Commentary: Milton’s long shadow holds his own fate — and Nikola’s

0
107
Commentary: Milton’s long shadow holds his own fate — and Nikola’s
Nikola founder Trevor Milton continues to vex his former company even as he fights to stay out of jail if convicted of fraud charges.

As the date of his federal fraud trial nears, Nikola founder Trevor Milton casts a long shadow over his own fate and that of the electric truck manufacturer.

Milton has not actively participated in the startup electric truck and hydrogen maker’s business in more than 16 months. Yet his influence as a major shareholder weighs heavily on the company.

Most recently his vote against increasing the number of authorized shares in Nikola — a move that would dilute his approximately 11% ownership stake — threatens the company’s future. Milton also had voting rights to a substantial block of shares jointly owned with CEO Mark Russell. Milton relinquishes those voting rights to Russell in June 2023.

The meeting reconvenes virtually on Thursday, after which Nikola will release the result of the voting. If the measure doesn’t get enough votes, Nikola could try again in a year when Russell would control the jointly owned voting block.

Milton’s latest irritant

The cost of soliciting proxies for the increased number of shares is just the latest irritant Milton has placed in the way of the management team that succeeded him following his September 2020 resignation.

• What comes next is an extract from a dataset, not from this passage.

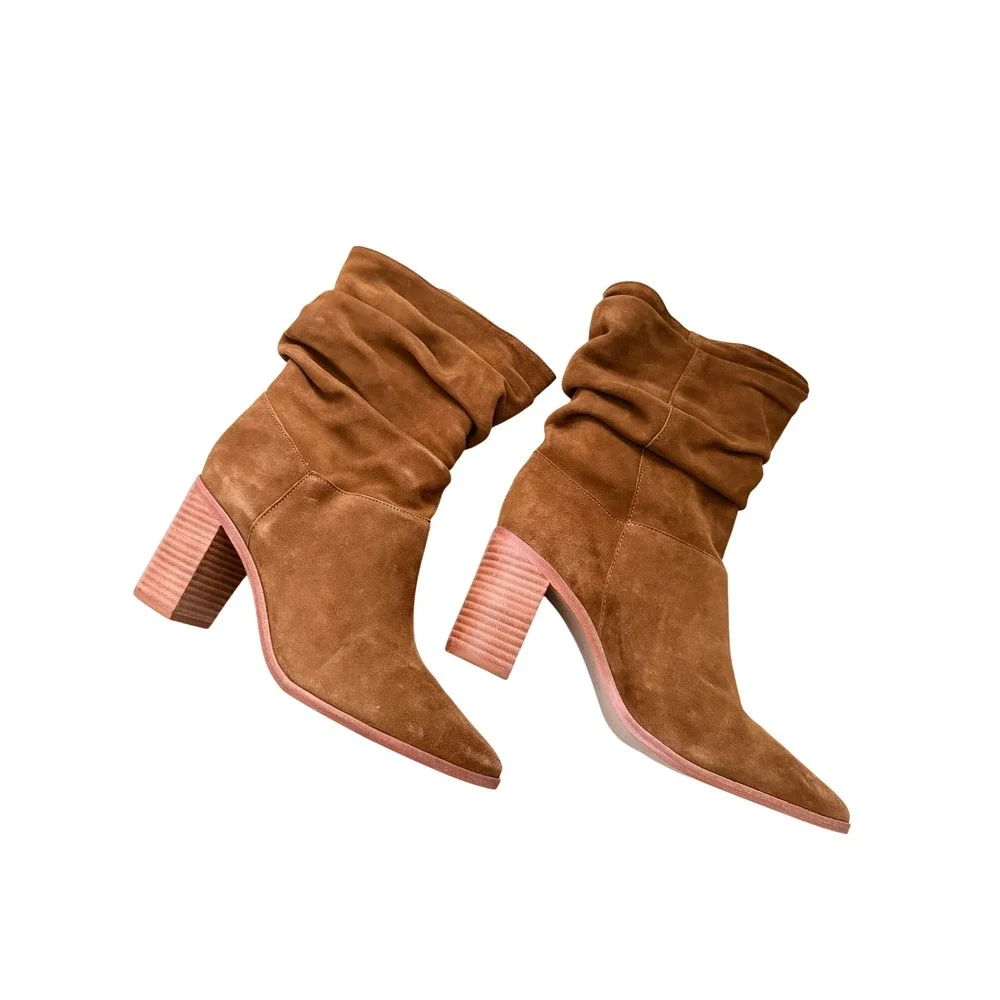 Schutz Ashlee Block Bootie Women 8.5 Bear New Suede Slouchy Pointed Toe Boot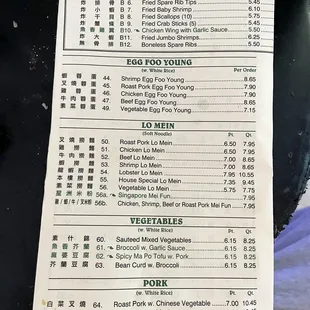 sushi and sashimi, menu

The company agreed to pay the Securities and Exchange Commission a $125 million fine over two years related to claims Milton made about Nikola’s technological prowess and other assertions found in an internal investigation to be untrue. The company wants Milton to reimburse the company the cost of the fine and other legal expenses.

Milton’s legal problems worsen

Prosecutors added a fourth charge against Milton last Wednesday. He allegedly defrauded the seller of a land contract for Utah property by offering to partially pay for the deal in Nikola stock options. Milton’s legal team on filed a motion Tuesday seeking to shield Milton’s wealth, lifestyle and spending habits from jurors at his trial calling it “irrelevant and unfairly prejudicial.”

Pressing for more time

Late Monday, Milton’s attorneys filed a letter pressing for a 30-day delay versus seven days offered by prosecutors.

The letter said the fourth charge differs from the first three, which allege Milton tried to pump up enthusiasm by retail investors for Nikola stock through a persistent presence on social media and interviews with financial media. The land contract issue is unrelated and would require a “pivot” in trial strategy, they said.

“Nothing in the original Indictment provided notice that these issues would be presented at
trial, let alone result in Count Four,” Milton attorney Bradley Biondi wrote to Ramos. “Defense counsel first learned that this transaction might be presented at [Milton’s] trial on June 16, 2022. Nothing in the prior discovery from the government referenced the private real estate transaction or otherwise provided any forewarning.”

Ramos earlier ruled against Milton’s bid to get his trial moved out of New York to Utah, where he resides, or to Phoenix, where Nikola has its headquarters. The trial date was set for July when he declined to appeal the denial of a venue change.

Milton’s attorneys argued that pressing ahead with the trial creates a “Hobson’s choice – to go to trial unprepared on a new count that carries a term of imprisonment of 20 years or to forego his constitutional right to a speedy trial. A speedy trial does not mean a trial by eleventh-hour surprise.”

Prosecutors are keeping the heat on Milton. They filed a motion Monday seeking to require himto declare by Friday if he plans to use an “advice of counsel” defense — effectively blaming his attorneys for giving him bad advice in the case.